- Directed by: Hisham Zaman
- Written by: Hisham Zaman
- Produced by: Gudny Hummelvoll
- Starring: Broa Rasol, Serdar Ahmad Saleh
- Music by: Øistein Boassen
- Release date: 2005;
- Running time: 15 minutes
- Languages: Kurdish, Norwegian

= Bawke =

Bawke is a 2005 short film directed by Hisham Zaman and produced in Norway.

==Plot==
Two Kurdish refugees from Iraq, a father and son, approach their goal after being on the run for a long time. After arrival, both father and son are apprehended by the police and taken into a refugee camp. About to be deported and in order for his son to have any chance of staying, the father decides to leave his son behind in the new country.
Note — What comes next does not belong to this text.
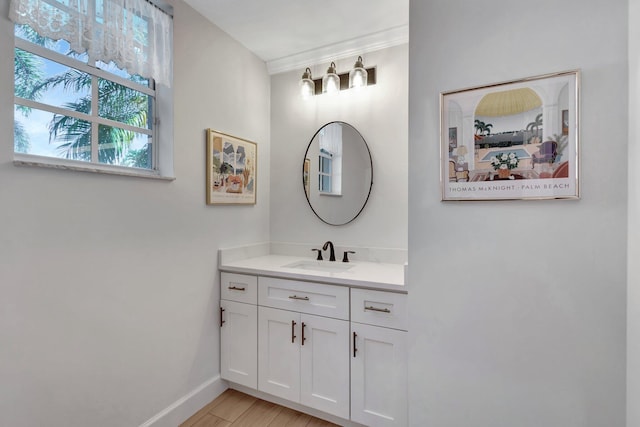 bathroom featuring vanity and baseboards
The son desperately tries to catch up with him, but when a policeman ask if he knows the kid, his answer is no.

==Awards==
1. Best Short Film (Årets kortfilm), Amanda Awards, Norway, 2005.
2. Prix UIP Grimstad (European Short Film), Norwegian Short Film Festival, 2005.
3. BAFTA/LA Award for Excellence, Aspen Shortsfest, Colorado, 2005.
4. Youth Jury Award, Clermont-Ferrand International Short Film Festival, 2006.
5. Youth Award, San Sebastián Human Rights Film Festival, 2006.
6. Best Live-Action Short, Toronto Worldwide Short Film Festival, 2006.